SOURCE DATA:
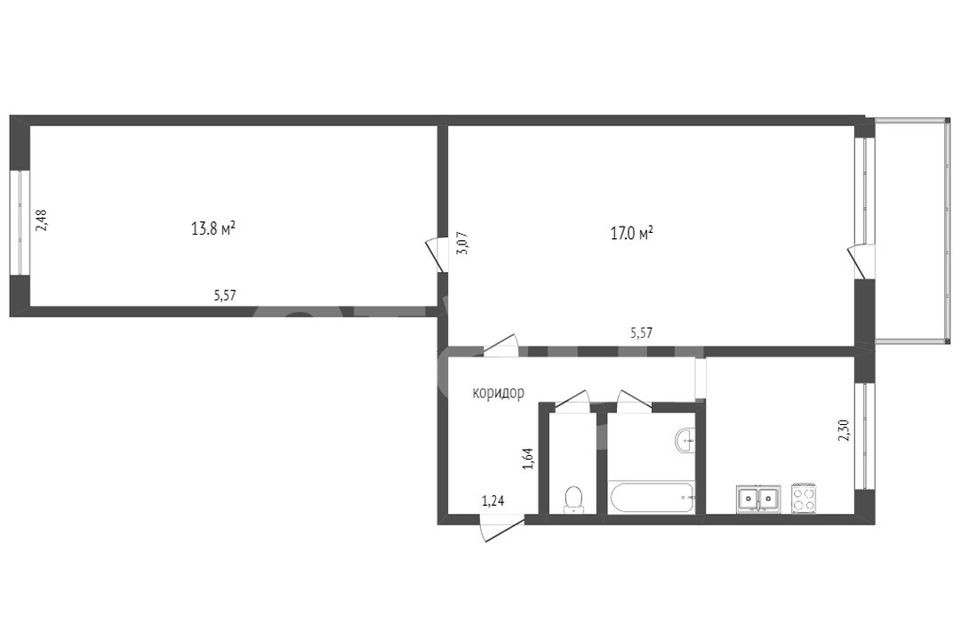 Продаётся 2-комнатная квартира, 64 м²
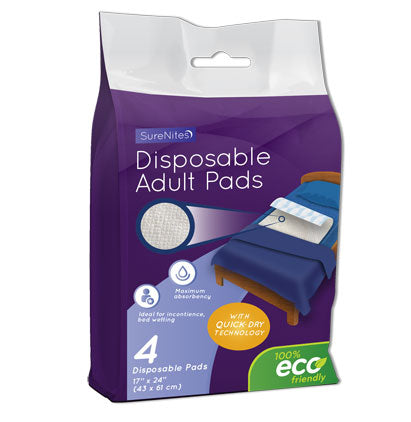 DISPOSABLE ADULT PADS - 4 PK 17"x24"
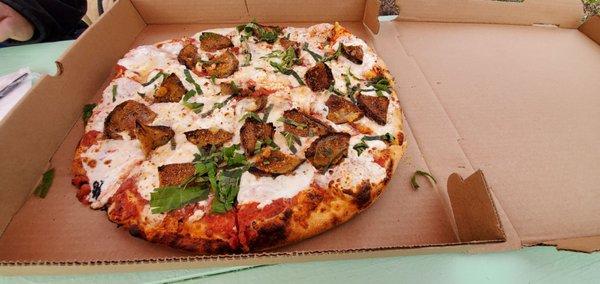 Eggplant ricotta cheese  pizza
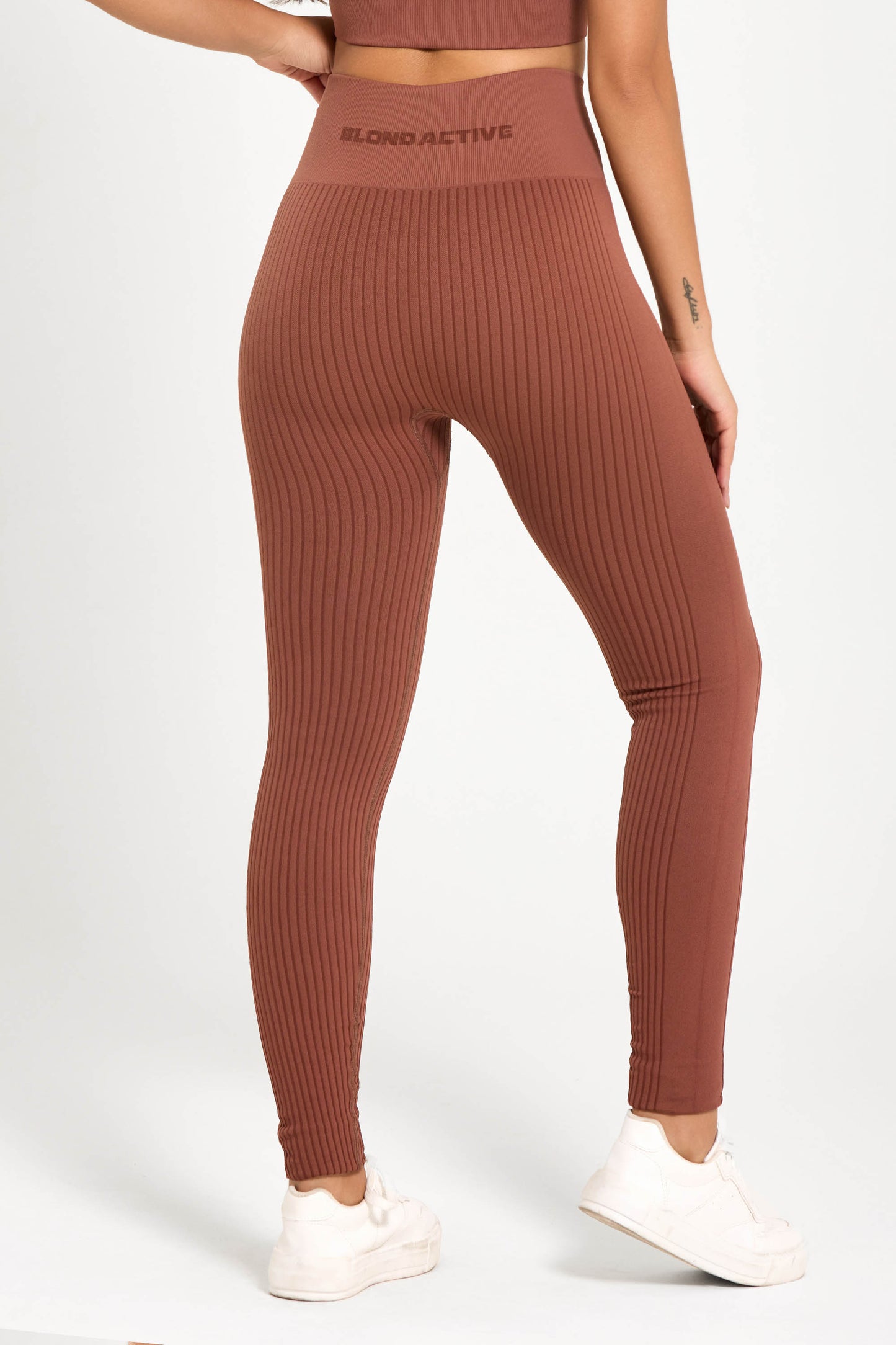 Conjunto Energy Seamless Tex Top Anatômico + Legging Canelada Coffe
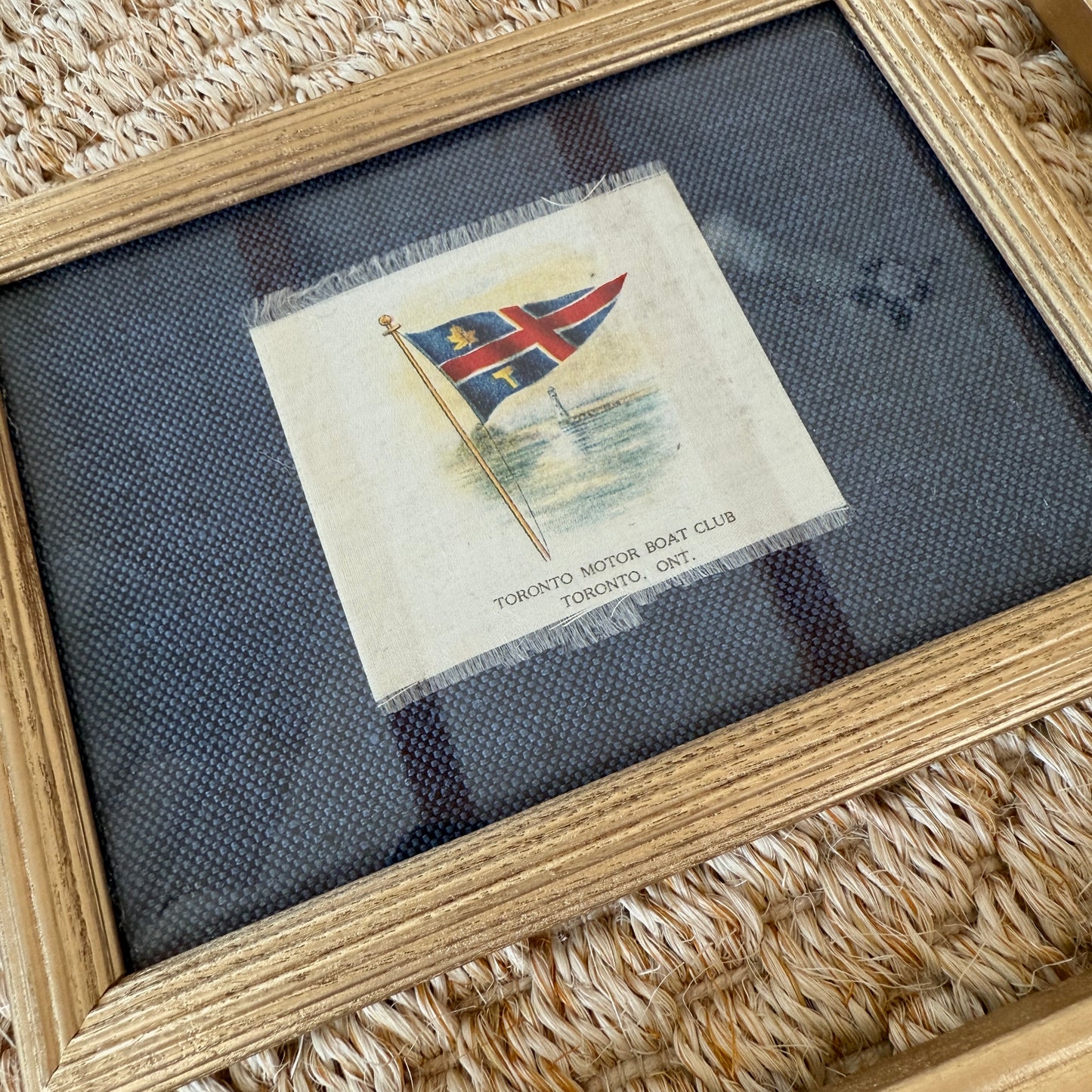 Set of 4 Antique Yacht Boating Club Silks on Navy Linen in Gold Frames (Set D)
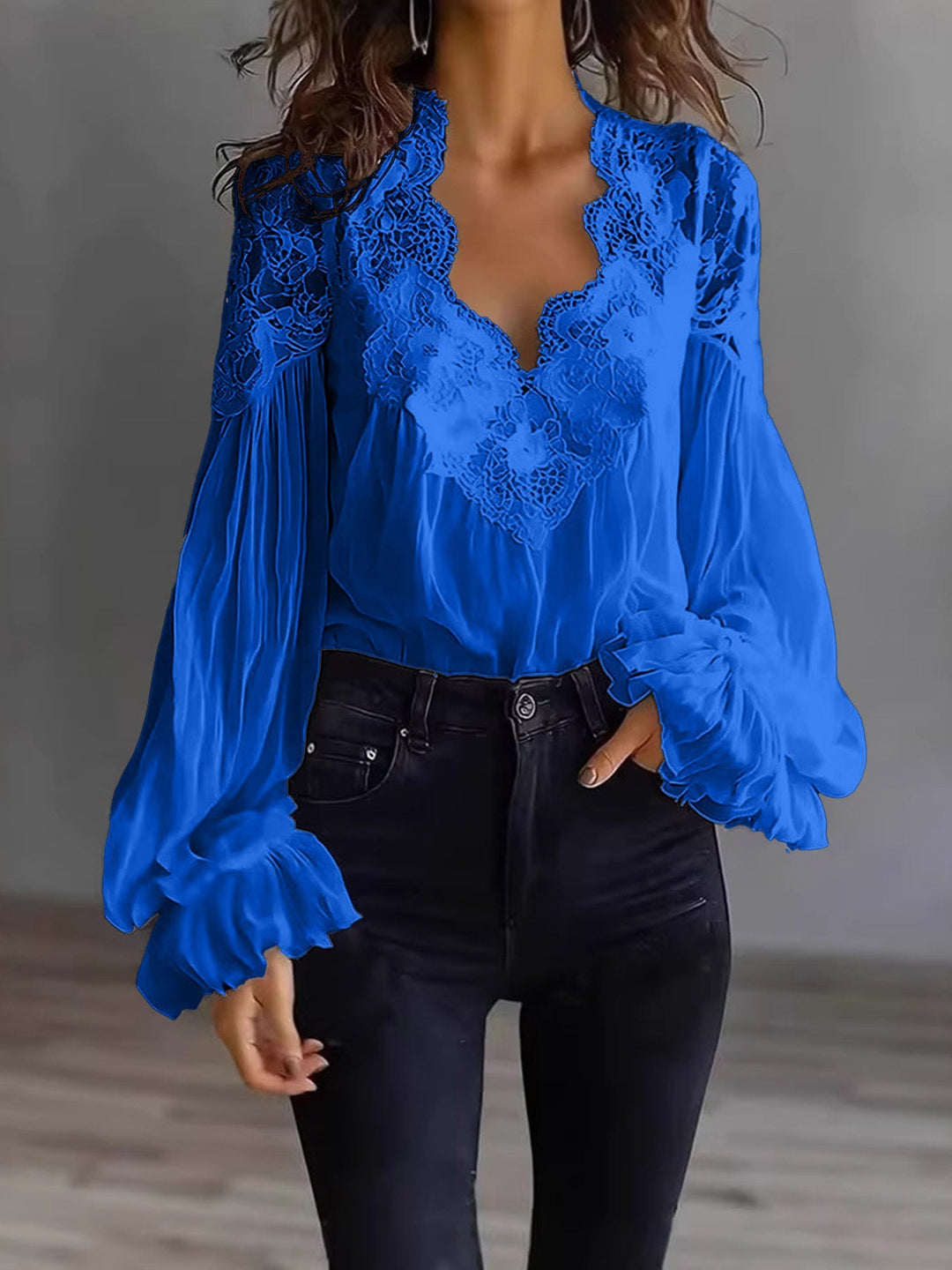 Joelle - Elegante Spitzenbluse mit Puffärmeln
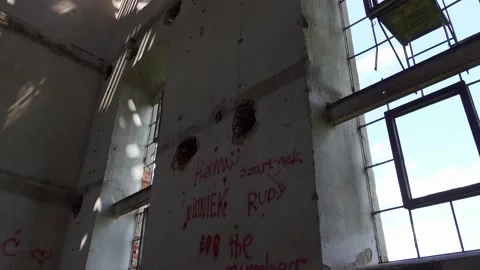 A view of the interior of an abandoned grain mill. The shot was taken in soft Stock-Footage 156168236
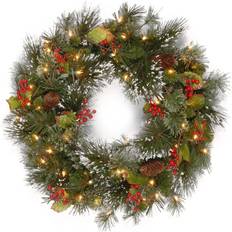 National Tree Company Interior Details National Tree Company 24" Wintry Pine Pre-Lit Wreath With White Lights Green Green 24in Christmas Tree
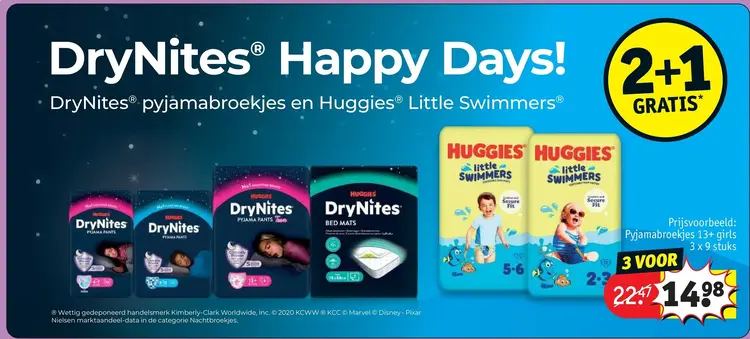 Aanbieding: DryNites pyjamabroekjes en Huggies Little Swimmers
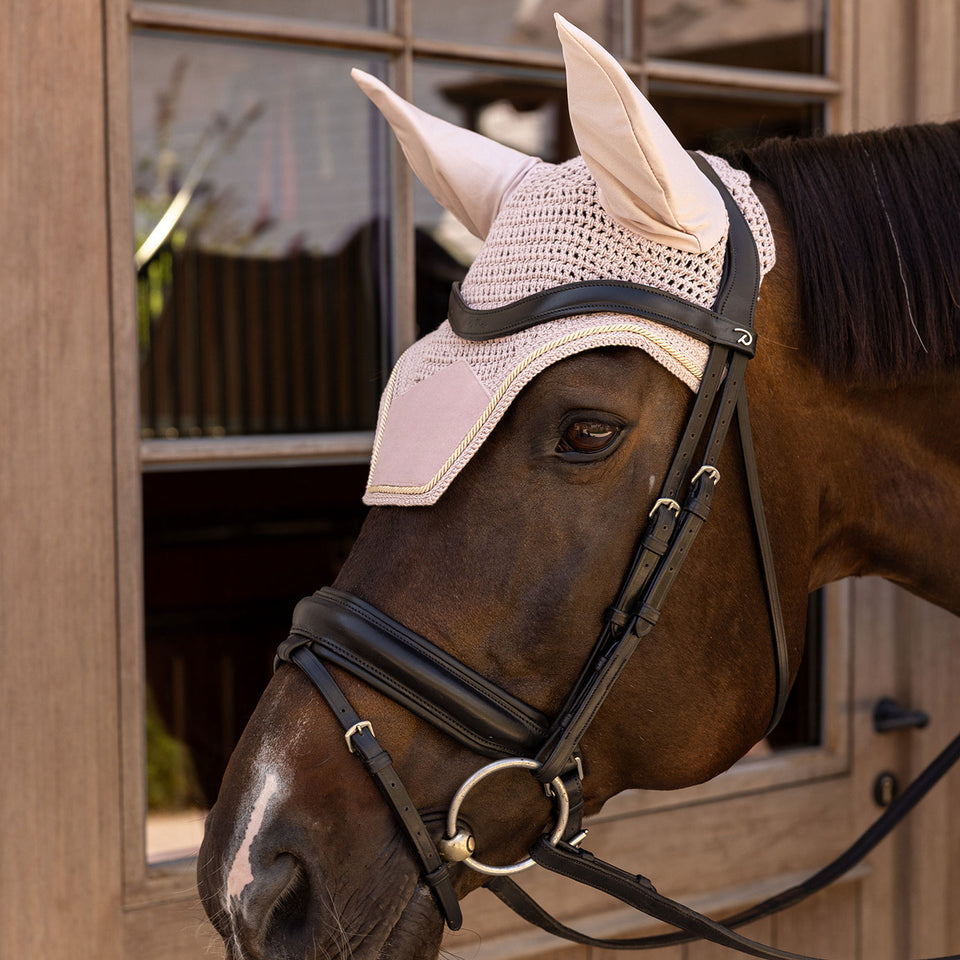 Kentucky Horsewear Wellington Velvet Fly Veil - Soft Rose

WHAT YOU ARE ASKED TO DO: From the first line of the entries above through the line with "A view of the", set down each line exactly and drop the pictures.

RESPONSE BOX:
 Продаётся 2-комнатная квартира, 64 м²
 DISPOSABLE ADULT PADS - 4 PK 17"x24"
 Eggplant ricotta cheese  pizza
 Conjunto Energy Seamless Tex Top Anatômico + Legging Canelada Coffe
 Set of 4 Antique Yacht Boating Club Silks on Navy Linen in Gold Frames (Set D)
 Joelle - Elegante Spitzenbluse mit Puffärmeln
 A view of the interior of an abandoned grain mill. The shot was taken in soft Stock-Footage 156168236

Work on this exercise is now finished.